An exact copy of every record, without the pictures, is what should come back.

*RECORDS TO PROCESS*:
========================================================================
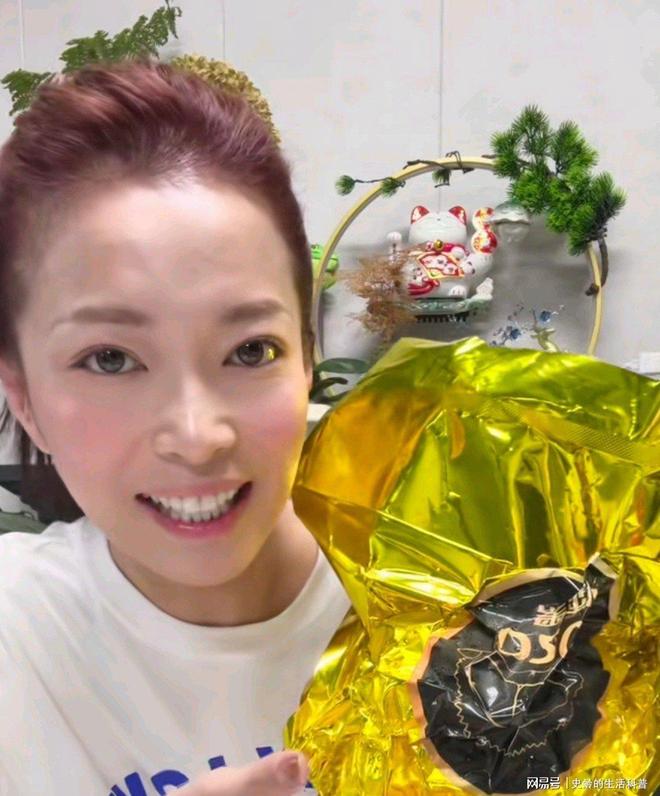 风光一时如今单身在仓库卖水果她是东方卫视最美名嘴嫁富豪后(图12)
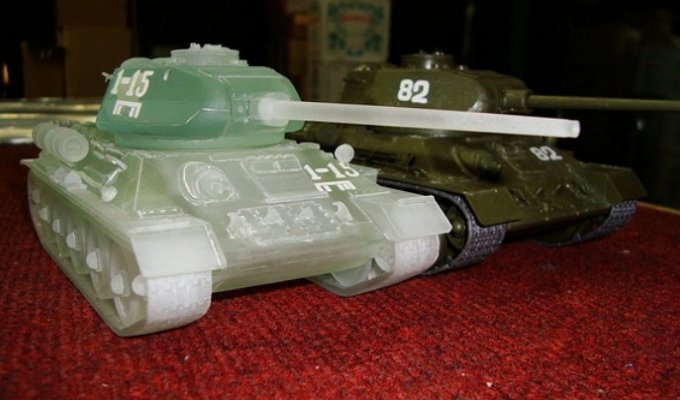 Танк Т-34/85 из стекла в масштабе 1 к 35 (22 фото)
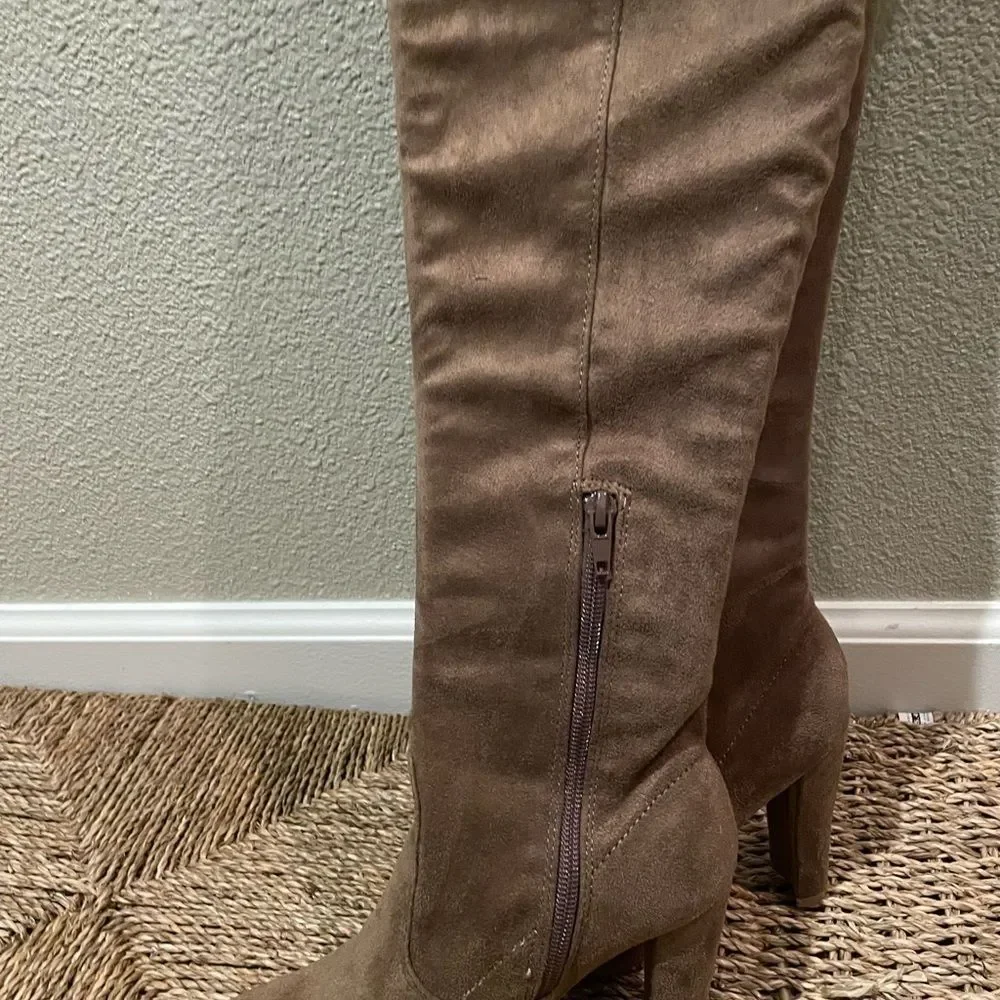 NO BRAND Brown/Tan Thigh High Women's Boots Size 5.5.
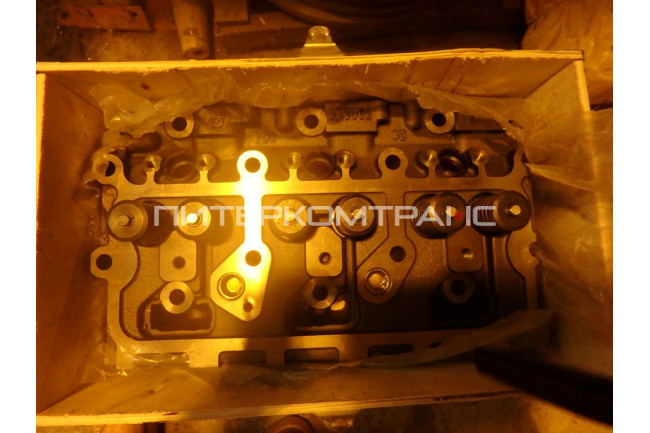Головка блока задняя B3200-1003016A(с клапанами)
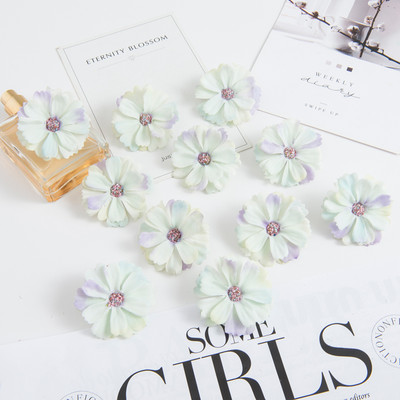 50 DB 4,5 cm-es selyem százszorszép fej MINI otthoni esküvői dekoráció barkács Scrapbook Fake Plant Karácsonyi koszorú fejdísz Művirágok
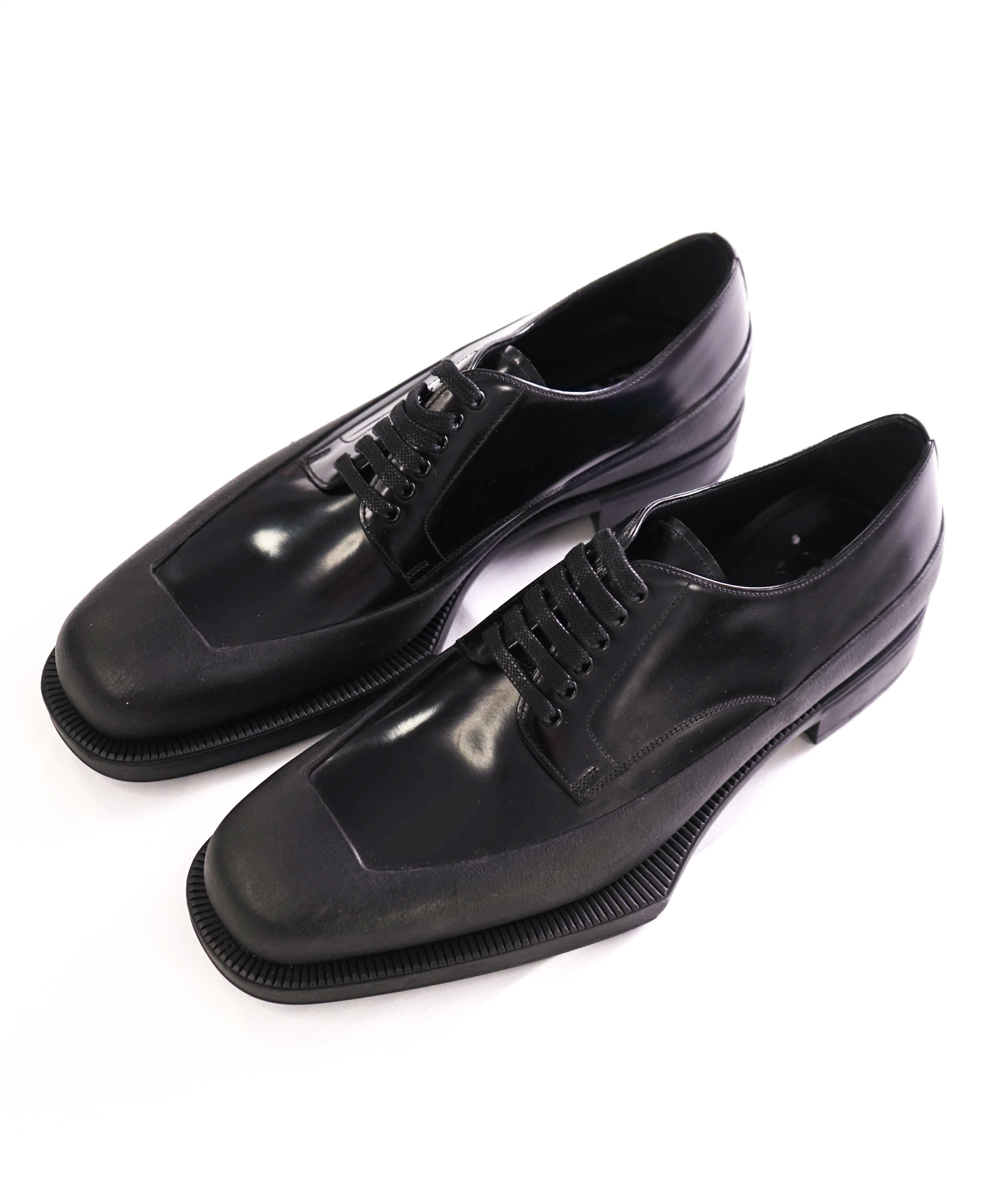 $1,320 PRADA - Black Leather Mixed-Media Lug Sole Oxfords - 9 US (8 Prada)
========================================================================
*TASK ANSWER*:
 风光一时如今单身在仓库卖水果她是东方卫视最美名嘴嫁富豪后(图12)
 Танк Т-34/85 из стекла в масштабе 1 к 35 (22 фото)
 NO BRAND Brown/Tan Thigh High Women's Boots Size 5.5.
Головка блока задняя B3200-1003016A(с клапанами)
 50 DB 4,5 cm-es selyem százszorszép fej MINI otthoni esküvői dekoráció barkács Scrapbook Fake Plant Karácsonyi koszorú fejdísz Művirágok
 $1,320 PRADA - Black Leather Mixed-Media Lug Sole Oxfords - 9 US (8 Prada)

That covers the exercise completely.